===== The records =====
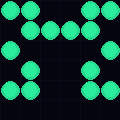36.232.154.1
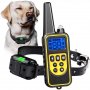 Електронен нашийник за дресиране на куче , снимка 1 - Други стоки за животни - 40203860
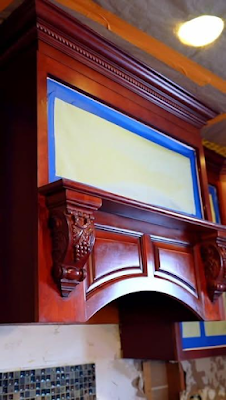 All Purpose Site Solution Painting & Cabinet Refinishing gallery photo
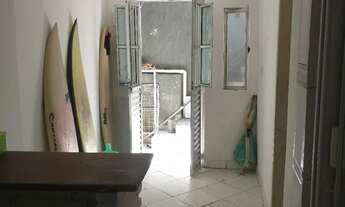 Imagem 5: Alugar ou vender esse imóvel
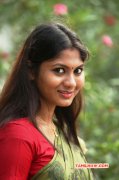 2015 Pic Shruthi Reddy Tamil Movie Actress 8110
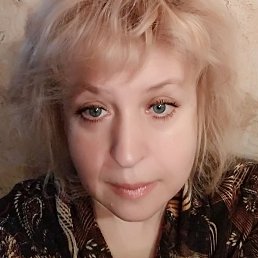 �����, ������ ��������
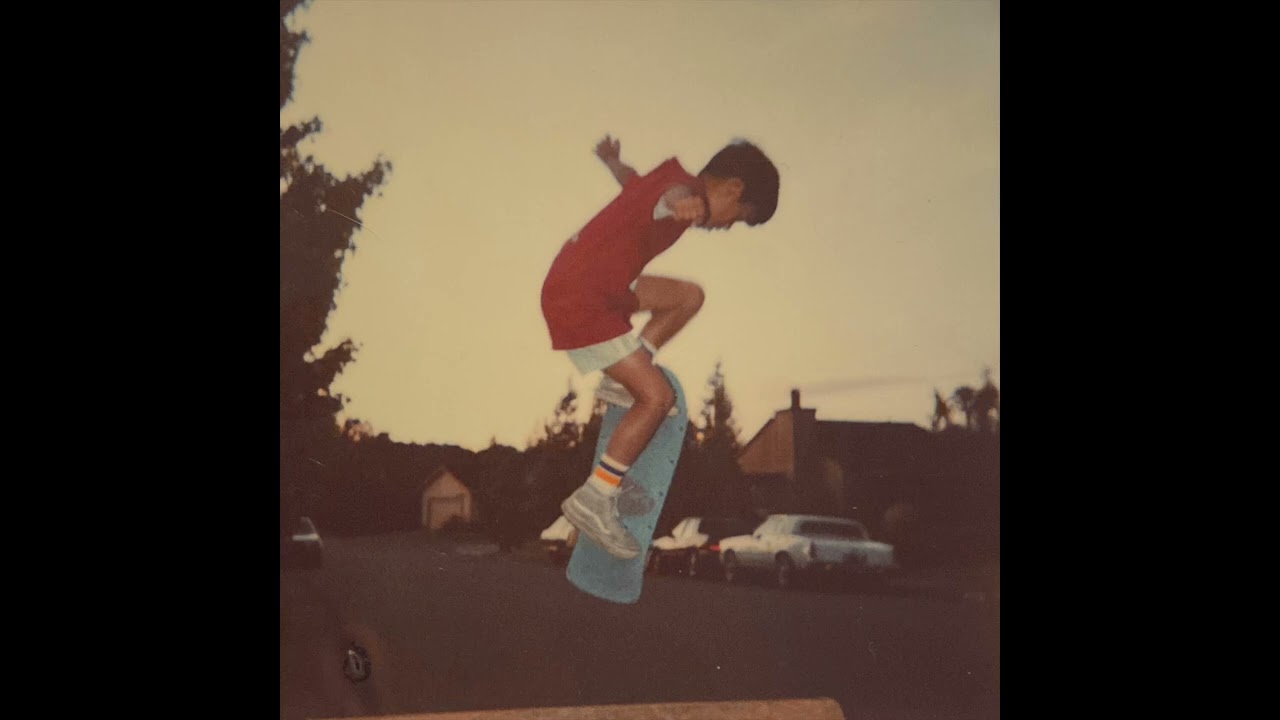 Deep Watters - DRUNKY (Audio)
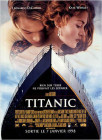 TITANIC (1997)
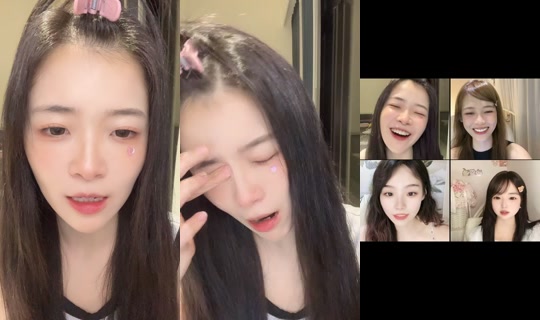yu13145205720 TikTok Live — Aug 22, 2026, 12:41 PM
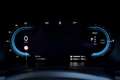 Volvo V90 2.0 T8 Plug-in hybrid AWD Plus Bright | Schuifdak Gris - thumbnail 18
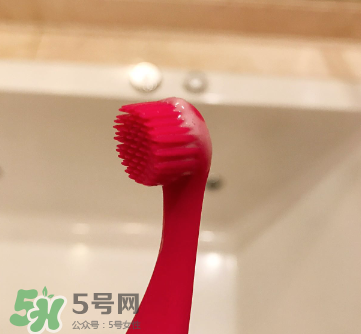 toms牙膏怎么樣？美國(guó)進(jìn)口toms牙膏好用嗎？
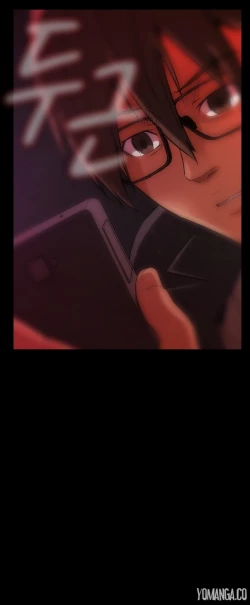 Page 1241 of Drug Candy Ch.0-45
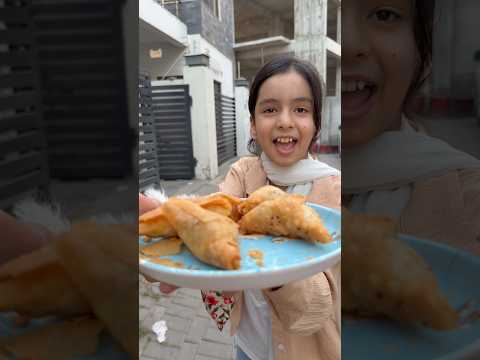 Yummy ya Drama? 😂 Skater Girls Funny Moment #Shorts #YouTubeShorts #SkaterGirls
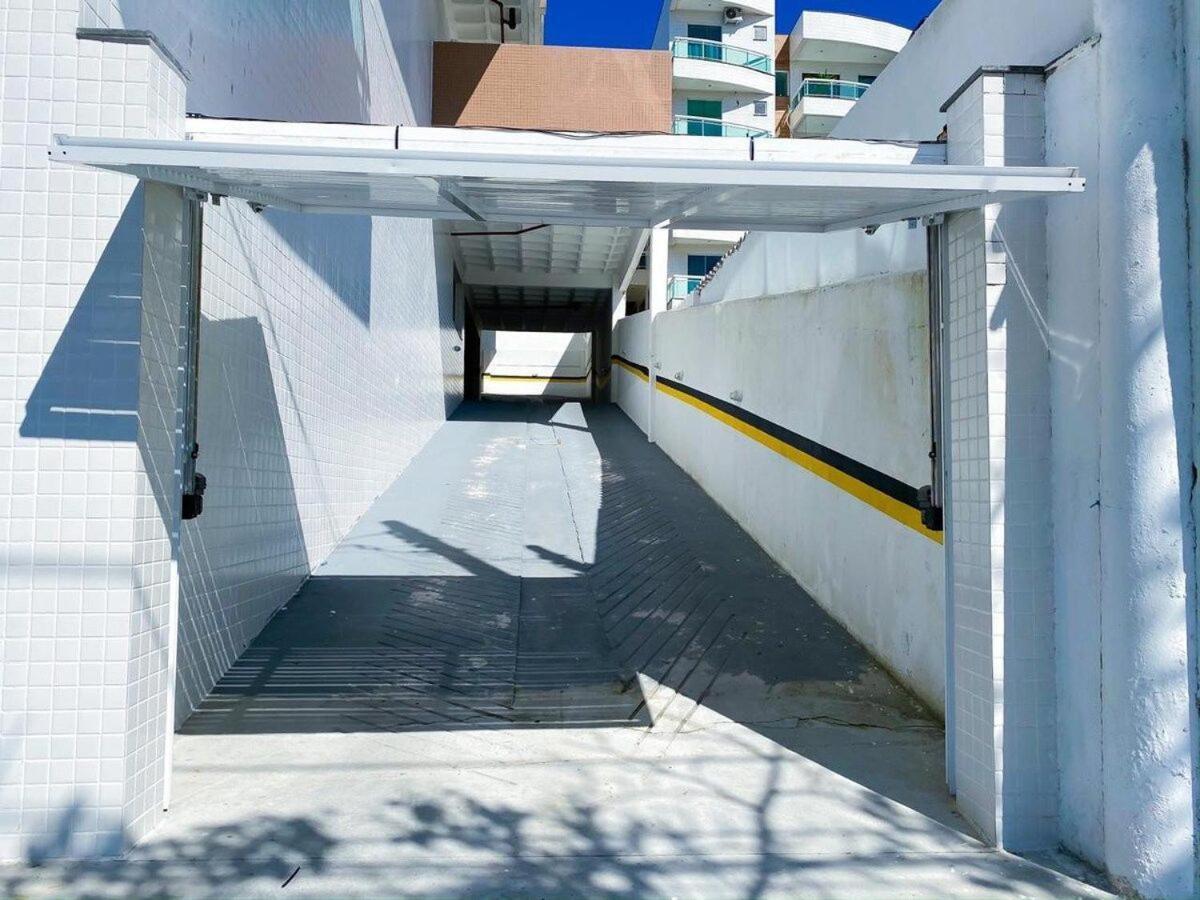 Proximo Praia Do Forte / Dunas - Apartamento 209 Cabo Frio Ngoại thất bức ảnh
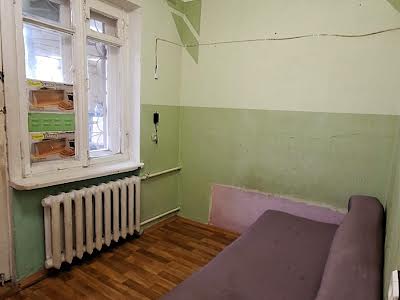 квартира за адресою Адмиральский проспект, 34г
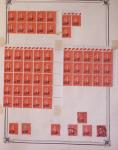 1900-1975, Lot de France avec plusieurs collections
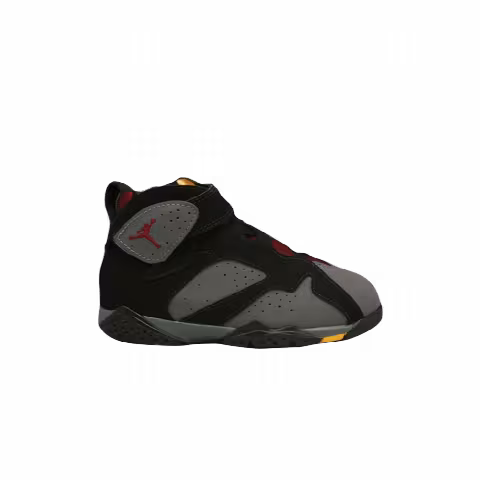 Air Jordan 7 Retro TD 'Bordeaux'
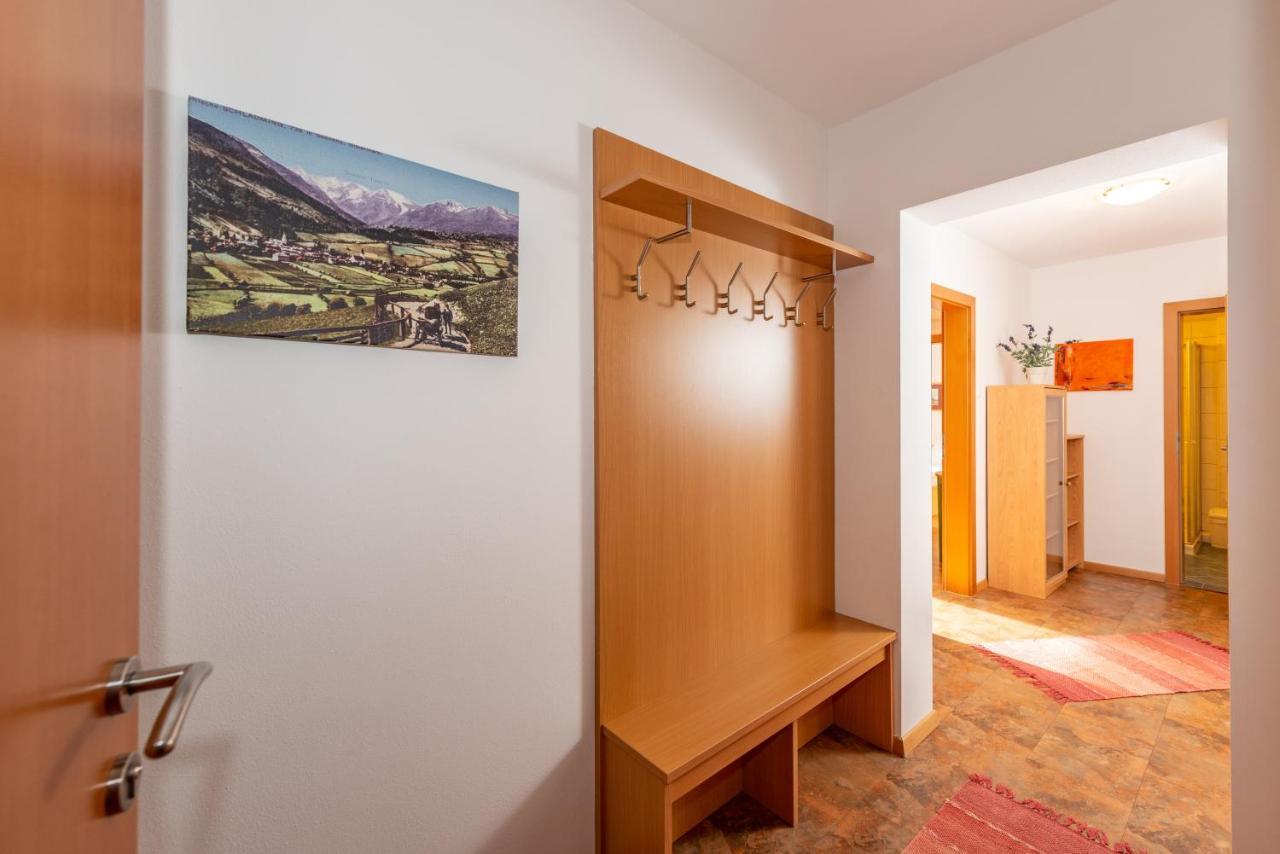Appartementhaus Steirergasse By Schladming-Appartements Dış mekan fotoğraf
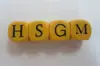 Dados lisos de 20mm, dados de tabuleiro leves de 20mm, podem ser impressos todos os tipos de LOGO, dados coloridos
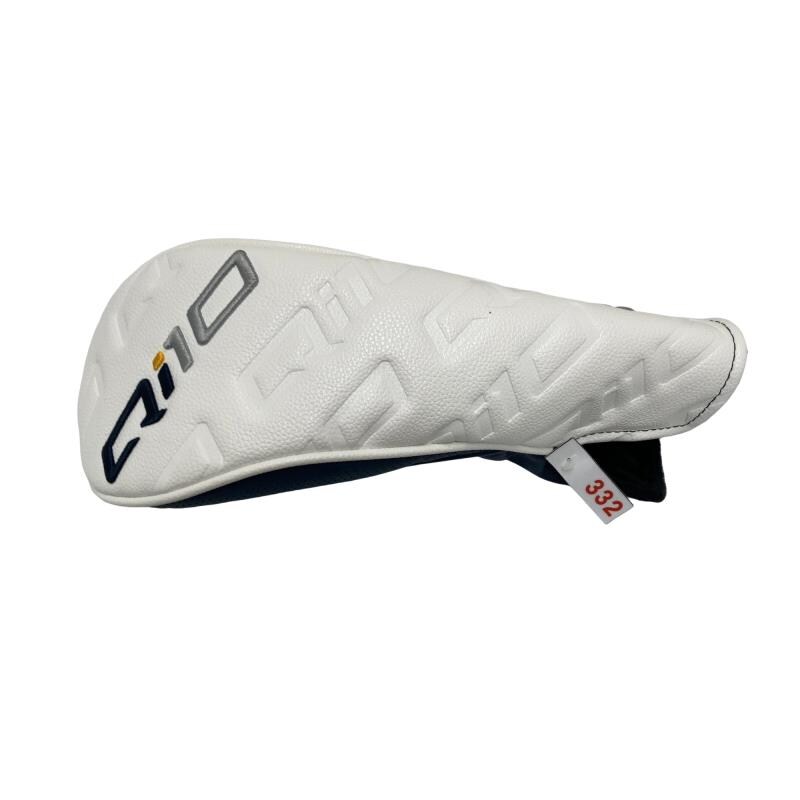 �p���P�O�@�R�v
=====
§ **Task instructions**: Word for word, reproduce each line from the one with "Yummy ya Drama?" through the last line of the material above, both included, and drop the pictures.

§ **Response for this exercise**:
 Yummy ya Drama? 😂 Skater Girls Funny Moment #Shorts #YouTubeShorts #SkaterGirls
 Proximo Praia Do Forte / Dunas - Apartamento 209 Cabo Frio Ngoại thất bức ảnh
 квартира за адресою Адмиральский проспект, 34г
 1900-1975, Lot de France avec plusieurs collections
 Air Jordan 7 Retro TD 'Bordeaux'
Appartementhaus Steirergasse By Schladming-Appartements Dış mekan fotoğraf
 Dados lisos de 20mm, dados de tabuleiro leves de 20mm, podem ser impressos todos os tipos de LOGO, dados coloridos
 �p���P�O�@�R�v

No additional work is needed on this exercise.